Saudi crown prince discusses design origins of The Line, the Kingdom’s iconic megacity

Estimated read time 5 min read
  • We want to create a new civilization for tomorrow, says crown prince
  • Crown prince: Saudi Arabia will keep proving the doubters wrong about megaprojects

RIYADH: Crown Prince Mohammed bin Salman has discussed some of the earliest ideas around the design of The Line, Saudi Arabia’s megacity of the future, and what the project means to the Kingdom and the world.

The ambitious modern city is part of Saudi Arabia’s flagship development project of NEOM, situated in the north of the Kingdom, and reimagines what urban living should be like in the 21st century.

The Kingdom wants to create a new civilization for the future and urged countries to act similarly for the sake of building a better planet, the crown prince said in a Discovery Channel interview about The Line that aired on Monday.

He talked in the documentary about how the design idea behind of The Line came to be and what it will eventually mean for Saudi Arabia. 

“Since we have an empty place, and we want to have a place for 10 million people, then let’s think from scratch,” the crown prince said.

“We talked about a lot of ideas, ‘why can’t we build a circle?’,” he said, recalling the first steps in the city’s design process. We can connect it with mobility and built it “slowly until it was completed for 10 million people,” the crown prince added.

After brainstorming and a competition for the best designers for ideas on how the city should look, one design option stood out.

“They provided us with cities based on the existing methods but with better solutions,” he said. Except one, who said: “let’s turn it from a circle to a line”.

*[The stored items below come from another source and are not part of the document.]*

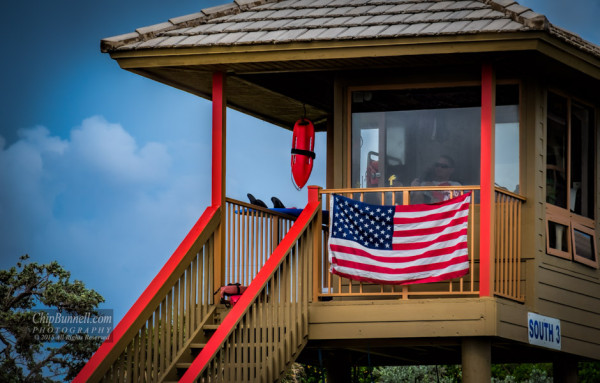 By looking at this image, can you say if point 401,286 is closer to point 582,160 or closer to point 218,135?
point 218,135

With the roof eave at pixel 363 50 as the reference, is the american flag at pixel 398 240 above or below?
below

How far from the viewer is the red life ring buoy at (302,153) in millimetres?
17609

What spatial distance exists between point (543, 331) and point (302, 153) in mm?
4538

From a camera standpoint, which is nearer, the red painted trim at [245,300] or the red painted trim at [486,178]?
the red painted trim at [245,300]

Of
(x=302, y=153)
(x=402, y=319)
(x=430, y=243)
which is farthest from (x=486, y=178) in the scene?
(x=302, y=153)

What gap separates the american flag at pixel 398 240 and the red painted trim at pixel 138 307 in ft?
5.71

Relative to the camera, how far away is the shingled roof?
14.1m

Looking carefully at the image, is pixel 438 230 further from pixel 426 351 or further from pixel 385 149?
pixel 426 351

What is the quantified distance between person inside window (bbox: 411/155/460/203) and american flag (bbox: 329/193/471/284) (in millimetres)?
852

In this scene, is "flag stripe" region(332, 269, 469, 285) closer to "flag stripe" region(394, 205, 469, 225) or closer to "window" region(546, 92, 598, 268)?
"flag stripe" region(394, 205, 469, 225)

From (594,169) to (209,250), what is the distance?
552 centimetres

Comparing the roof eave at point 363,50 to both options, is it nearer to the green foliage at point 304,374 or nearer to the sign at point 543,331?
the sign at point 543,331

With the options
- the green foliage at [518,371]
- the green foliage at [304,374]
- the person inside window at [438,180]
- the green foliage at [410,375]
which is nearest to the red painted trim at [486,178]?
the person inside window at [438,180]

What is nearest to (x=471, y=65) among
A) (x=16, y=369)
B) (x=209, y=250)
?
(x=209, y=250) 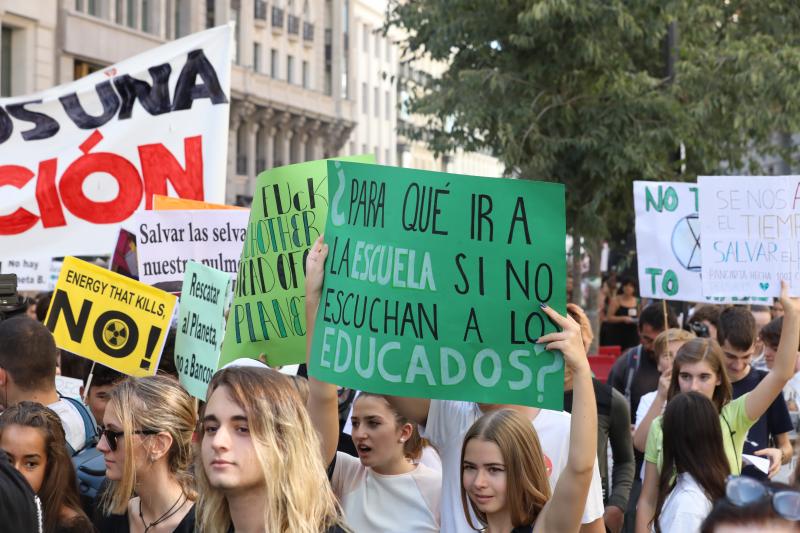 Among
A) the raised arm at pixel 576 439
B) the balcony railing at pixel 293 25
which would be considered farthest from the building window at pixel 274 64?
the raised arm at pixel 576 439

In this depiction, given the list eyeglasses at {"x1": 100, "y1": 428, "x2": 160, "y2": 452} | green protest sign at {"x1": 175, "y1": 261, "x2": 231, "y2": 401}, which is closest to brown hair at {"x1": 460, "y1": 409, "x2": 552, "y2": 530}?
eyeglasses at {"x1": 100, "y1": 428, "x2": 160, "y2": 452}

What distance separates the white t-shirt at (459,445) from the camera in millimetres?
4602

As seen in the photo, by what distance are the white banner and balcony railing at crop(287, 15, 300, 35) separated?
51072 millimetres

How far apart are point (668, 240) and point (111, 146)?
3923 millimetres

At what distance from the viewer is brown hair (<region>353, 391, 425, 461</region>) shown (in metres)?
5.08

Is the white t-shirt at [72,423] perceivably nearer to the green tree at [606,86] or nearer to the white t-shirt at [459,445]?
the white t-shirt at [459,445]

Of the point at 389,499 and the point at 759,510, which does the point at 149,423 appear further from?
the point at 759,510

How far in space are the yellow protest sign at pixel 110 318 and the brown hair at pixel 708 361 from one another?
2520 mm

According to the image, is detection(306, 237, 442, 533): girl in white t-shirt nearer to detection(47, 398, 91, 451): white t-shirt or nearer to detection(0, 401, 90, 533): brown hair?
detection(0, 401, 90, 533): brown hair

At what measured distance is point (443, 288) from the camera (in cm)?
439

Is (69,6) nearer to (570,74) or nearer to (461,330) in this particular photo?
(570,74)

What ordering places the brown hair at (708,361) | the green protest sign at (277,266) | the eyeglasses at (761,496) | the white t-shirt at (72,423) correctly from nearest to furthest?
the eyeglasses at (761,496) → the white t-shirt at (72,423) → the green protest sign at (277,266) → the brown hair at (708,361)

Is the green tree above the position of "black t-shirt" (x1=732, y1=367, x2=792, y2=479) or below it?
above

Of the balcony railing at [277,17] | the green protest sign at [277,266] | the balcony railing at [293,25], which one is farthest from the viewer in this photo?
the balcony railing at [293,25] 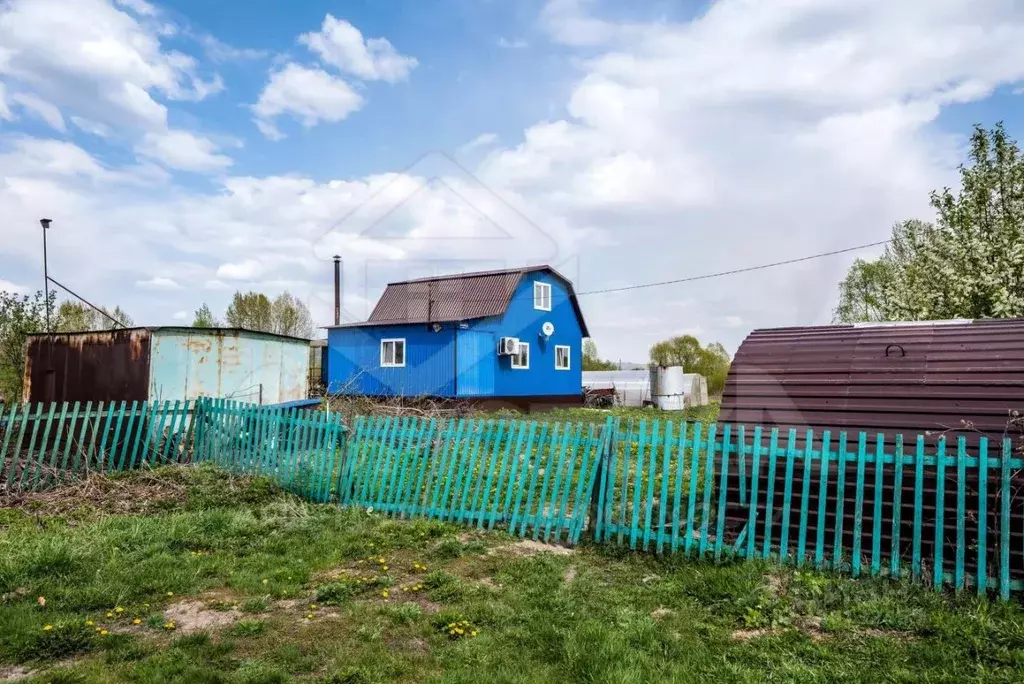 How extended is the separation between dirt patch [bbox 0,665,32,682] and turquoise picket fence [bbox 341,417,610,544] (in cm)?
427

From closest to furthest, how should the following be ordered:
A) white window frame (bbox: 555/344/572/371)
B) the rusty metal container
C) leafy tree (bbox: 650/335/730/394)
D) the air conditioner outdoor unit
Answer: the rusty metal container, the air conditioner outdoor unit, white window frame (bbox: 555/344/572/371), leafy tree (bbox: 650/335/730/394)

From there, the crown prince suggested a tweak that would established The Line’s iconic look.

“The infrastructure idea is good, but when you get in it, with the 2km width, you don’t feel it,” he said. “I told the team, how about if we take those 2km and flip it (so that it is) two towers (across) the whole line, is that going to work or will it be too massive?”

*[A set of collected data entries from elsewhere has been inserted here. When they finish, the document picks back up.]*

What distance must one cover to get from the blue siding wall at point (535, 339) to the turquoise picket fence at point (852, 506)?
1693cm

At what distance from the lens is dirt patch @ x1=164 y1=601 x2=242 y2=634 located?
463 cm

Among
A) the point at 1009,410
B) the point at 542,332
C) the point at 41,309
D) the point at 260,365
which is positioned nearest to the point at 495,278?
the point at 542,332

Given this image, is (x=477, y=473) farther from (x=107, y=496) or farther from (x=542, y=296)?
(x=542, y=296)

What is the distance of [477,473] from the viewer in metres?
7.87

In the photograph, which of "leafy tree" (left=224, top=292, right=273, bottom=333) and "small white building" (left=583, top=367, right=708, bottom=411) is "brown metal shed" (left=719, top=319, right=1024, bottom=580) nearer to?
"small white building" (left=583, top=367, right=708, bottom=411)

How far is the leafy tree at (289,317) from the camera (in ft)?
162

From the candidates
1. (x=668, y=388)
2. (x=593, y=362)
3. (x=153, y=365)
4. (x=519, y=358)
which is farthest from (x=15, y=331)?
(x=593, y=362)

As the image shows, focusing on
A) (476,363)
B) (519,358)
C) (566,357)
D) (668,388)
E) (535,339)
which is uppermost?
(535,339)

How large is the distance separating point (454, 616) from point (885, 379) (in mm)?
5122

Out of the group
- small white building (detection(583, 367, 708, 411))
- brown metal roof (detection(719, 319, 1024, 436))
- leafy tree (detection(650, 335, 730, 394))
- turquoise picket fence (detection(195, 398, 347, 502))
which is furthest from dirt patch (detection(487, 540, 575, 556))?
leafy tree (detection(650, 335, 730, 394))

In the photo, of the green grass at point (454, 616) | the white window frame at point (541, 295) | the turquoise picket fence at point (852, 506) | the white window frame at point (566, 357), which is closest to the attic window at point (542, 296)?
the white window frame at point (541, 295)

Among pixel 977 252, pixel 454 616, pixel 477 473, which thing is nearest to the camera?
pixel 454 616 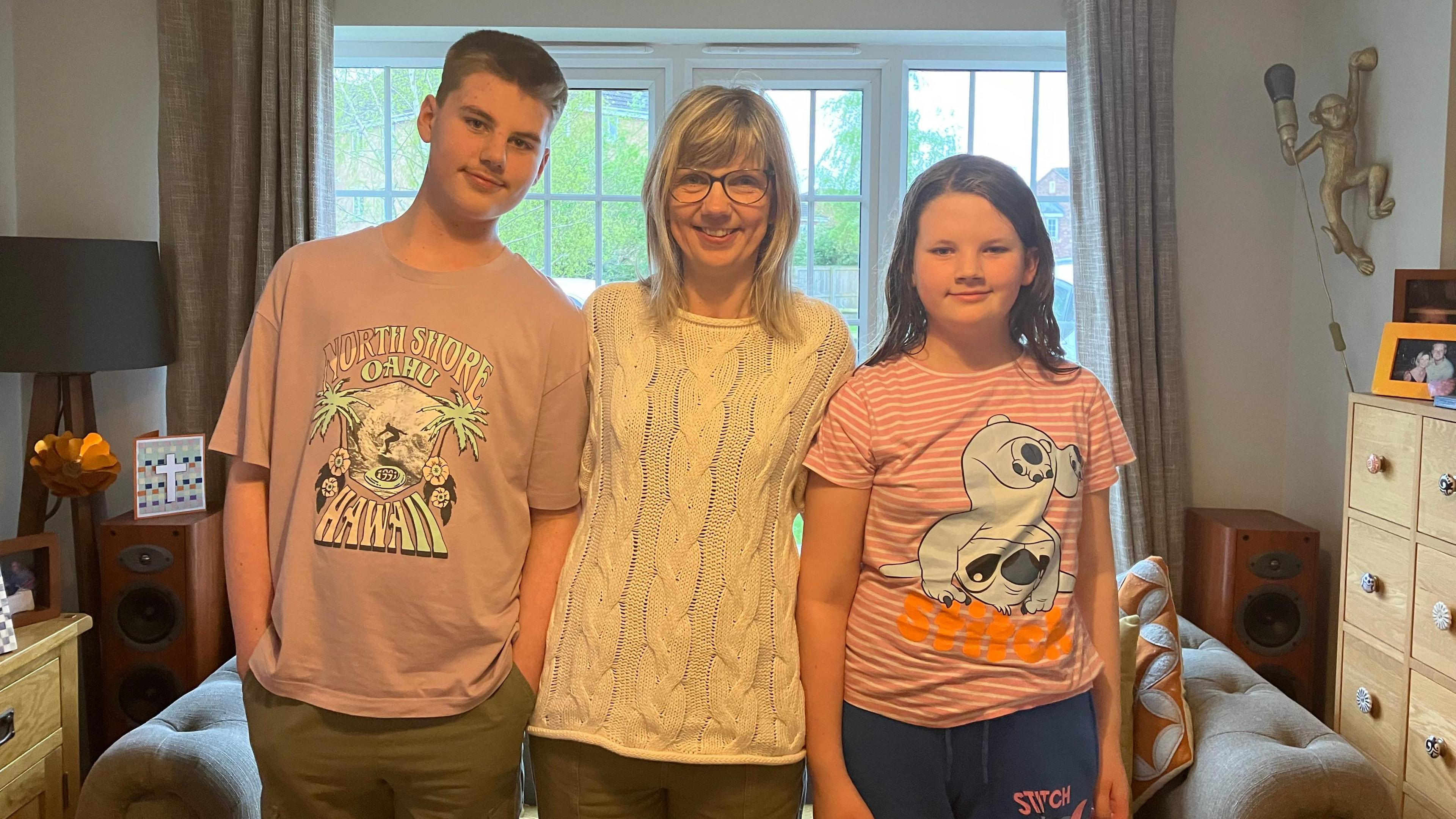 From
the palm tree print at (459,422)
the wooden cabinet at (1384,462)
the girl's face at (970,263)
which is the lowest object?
the wooden cabinet at (1384,462)

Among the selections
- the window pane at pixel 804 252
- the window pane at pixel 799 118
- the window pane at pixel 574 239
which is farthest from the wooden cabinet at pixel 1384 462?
the window pane at pixel 574 239

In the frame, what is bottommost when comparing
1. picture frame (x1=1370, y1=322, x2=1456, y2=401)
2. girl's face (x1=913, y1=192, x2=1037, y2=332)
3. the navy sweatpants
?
the navy sweatpants

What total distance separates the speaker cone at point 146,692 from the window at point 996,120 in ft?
A: 8.49

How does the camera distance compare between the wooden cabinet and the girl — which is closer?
the girl

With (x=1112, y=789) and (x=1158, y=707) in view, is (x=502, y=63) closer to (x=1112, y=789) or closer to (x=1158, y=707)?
(x=1112, y=789)

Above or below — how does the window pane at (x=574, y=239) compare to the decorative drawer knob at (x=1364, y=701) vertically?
above

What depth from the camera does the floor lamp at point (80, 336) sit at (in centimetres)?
254

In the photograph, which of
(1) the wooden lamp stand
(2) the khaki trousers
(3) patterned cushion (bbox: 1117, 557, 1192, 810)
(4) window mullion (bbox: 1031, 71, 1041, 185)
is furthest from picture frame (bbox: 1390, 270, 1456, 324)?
A: (1) the wooden lamp stand

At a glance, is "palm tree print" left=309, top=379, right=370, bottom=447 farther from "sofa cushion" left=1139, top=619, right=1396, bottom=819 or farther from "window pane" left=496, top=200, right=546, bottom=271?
"window pane" left=496, top=200, right=546, bottom=271

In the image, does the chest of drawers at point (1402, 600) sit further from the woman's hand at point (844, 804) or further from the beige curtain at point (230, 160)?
Answer: the beige curtain at point (230, 160)

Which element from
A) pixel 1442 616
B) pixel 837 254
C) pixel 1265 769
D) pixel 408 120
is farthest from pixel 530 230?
pixel 1442 616

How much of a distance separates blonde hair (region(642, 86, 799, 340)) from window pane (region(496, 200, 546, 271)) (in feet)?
6.31

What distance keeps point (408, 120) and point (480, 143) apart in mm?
2152

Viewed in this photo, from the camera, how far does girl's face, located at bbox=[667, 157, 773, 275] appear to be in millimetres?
1347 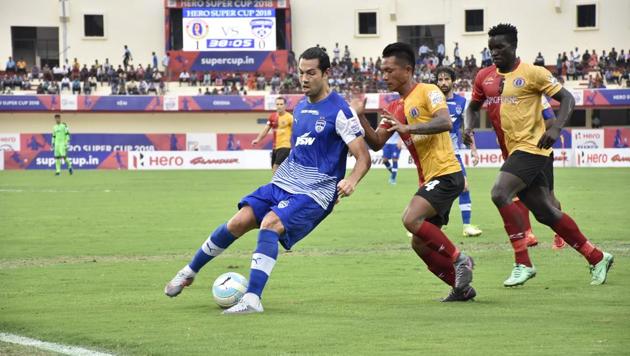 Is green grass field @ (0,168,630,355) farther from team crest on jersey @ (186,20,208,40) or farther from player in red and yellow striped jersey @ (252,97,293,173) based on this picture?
team crest on jersey @ (186,20,208,40)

The result: A 170-km, 200-meter wide urban design phenomenon that will run on 100 percent renewable energy with 95 percent of land preserved for nature — and be car free.

The look of the city was unveiled by the crown prince in 2022, who said the design would clarify the internal structure of the multi-layered city and address the problems of traditional flat horizontal cities.

The crown prince said the Saudi population in 2030 is expected to be between 50 and 55 million, from the current 33 million. “In 2030, we are going to reach the full capacity of the existing infrastructure of Saudi Arabia,” he said, which necessitated the creation of the new city.

“The Line will tackle the challenges facing humanity in urban life today and will shine a light on alternative ways to live,” Prince Mohammed is quoted on the project’s official site. “We cannot ignore the livability and environmental crises facing our world’s cities”.

“Any new city is going to have to be top-down.” Existing cities, he said, have all undergone restructuring based on a constant problem-solution model, but a top-down solution facilitates building something like The Line.

Prince Mohammed said that it was not enough for the futuristic city to be technically possible, it had to be beautiful too.

“Engineering and design was not enough without art,” he said. “(We) don’t want to create a city without having the whole city as a piece of art.”

The crown prince said the project is grand in scope and fulfills its financial and other objectives.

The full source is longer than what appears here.